Flächendeckender NGA-Breitbandausbau im Saarland

Das Ausbaugebiet und seine Aufteilung auf die drei Netzbetreiber Deutsche Telekom (magenta), inexio (grün) und VSE NET (orange). Illustration: eGo-Saar/Staatskanzlei

Saarlandweit soll es demnächst flächendeckend Bandbreiten von mindestens 50 Mbit/s geben. Den Zuschlag für den NGA-Breitbandausbau erhielten jetzt die drei Netzbetreiber Deutsche Telekom, inexio und VSE NET. In der Staatskanzlei unterzeichneten die Anbieter und der Zweck­verband eGo-Saar die dafür erforderlichen Ausbauverträge. Der Ausbau erfolgt zuschussfrei; er soll zum Jahresende 2018 abgeschlossen sein. Von der Maßnahme werden landesweit rund 75.000 Haushalte und Gewerbebetriebe in mehr als 200 Ortsteilen profitieren.

Obwohl das Saarland im bundesweiten Vergleich über­durchschnittlich gut versorgt ist, gibt es mit Blick auf hohe NGA-Bandbreiten („Next Generation Access“) noch Versorgungslücken – in ländlichen, aber auch in städtisch geprägten Regionen. Das Projekt „NGA-Netzausbau Saar“ soll diese digitale Kluft schließen. Im September 2016 startete deshalb der kommunale Zweckverband eGo-Saar in enger Zusammenarbeit mit der Staatskanzlei ein aufwändiges Auswahl- und Verhandlungsverfahren, um Netzbetreiber zu finden, die den Ausbau in allen Bereichen des Landes ohne konkrete Versorgungsperspektive vorantreiben können. Nach intensiven Verhandlungen steht nun das Ergebnis des Auswahlverfahrens fest. Die drei Netzbetreiber Deutsche Telekom, inexio und VSE NET konnten sich im Wettbewerb durchsetzen und wurden vom eGo-Saar mit dem Netzausbau beauftragt. Jeder Netzbetreiber wird rund ein Drittel der 50.000 Gebäude im Projektgebiet mit Band­breiten von mindestens 50 Mbit/s versorgen. In die dazu ­notwendigen Infrastrukturen werden die Betreiber rund
50 ­Millionen Euro investieren – aus eigenen Mitteln, denn ­weitere Zuschüsse benötigen sie für den Ausbau nicht.

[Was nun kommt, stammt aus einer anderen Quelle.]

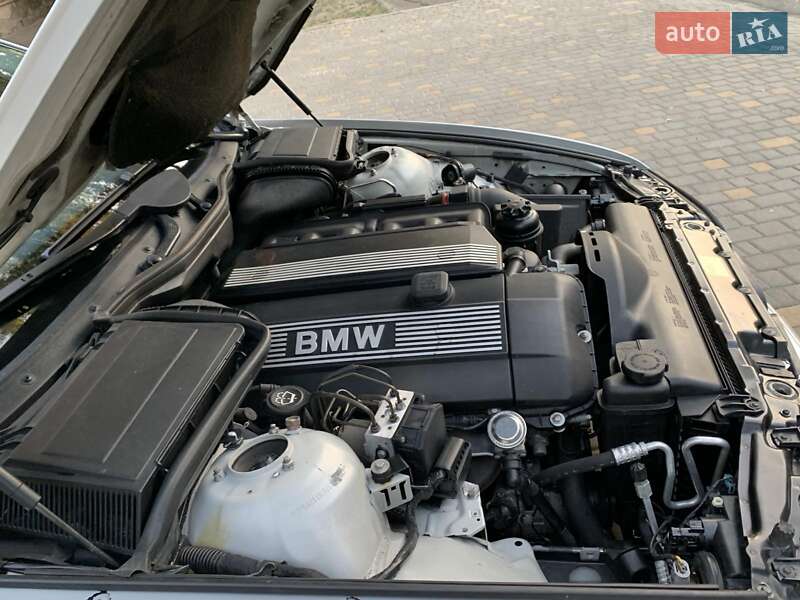 Седан BMW 5 Series 2001 в Одессе фото 28 Седан BMW 5 Series 2001 в Одессе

Nachdem der eGo-Saar die Ausbauverträge mit den Anbietern geschlossen hat, wird der Ausbau jetzt zügig anlaufen und bis zum 31. Dezember 2018 abgeschlossen sein.

Alle im Rahmen des Projektes geschaffenen Leerrohr- und Glasfaserinfrastrukturen werden dabei stets so ausgelegt, dass sie für künftige Netzausbauschritte weiter genutzt werden ­können. In diese nachhaltigen Infrastrukturen fließen fast 90 Prozent der für den NGA-Netzausbau notwendigen Investitionen. Auf den heute geschaffenen Infrastrukturen können die nächsten Schritte sogar bis hin zum Glasfaservollausbau nahtlos erfolgen.

„Mit dem heutigen Tag ist der flächendeckende NGA-Ausbau des Landes, den wir von langer Hand geplant und gemeinsam vorangetrieben haben, in trockenen Tüchern. Das ist nicht nur eine erfreuliche Nachricht für die Bevölkerung in noch unterversorgten Regionen, sondern sichert auch nachhaltig die Zukunft des Wirtschaftsstandortes Saarland“, so der Chef der Staatskanzlei, Staatssekretär Jürgen Lennartz. Schon heute ist das Saarland zu rund 77 Prozent mit Bandbreiten von mindestens 50 Mbit/s versorgt, weitere 7 Prozent werden innerhalb der nächsten zwei Jahre durch den Markt eigeninitiativ ausgebaut. Im Projekt „NGA-Netzausbau Saar“ werden nun die übrigen 16 Prozent mit hohen Bandbreiten versorgt. Diese Komponenten ergänzen sich gegenseitig und stellen gemeinsam den flächendeckenden NGA-Ausbau des Landes sicher.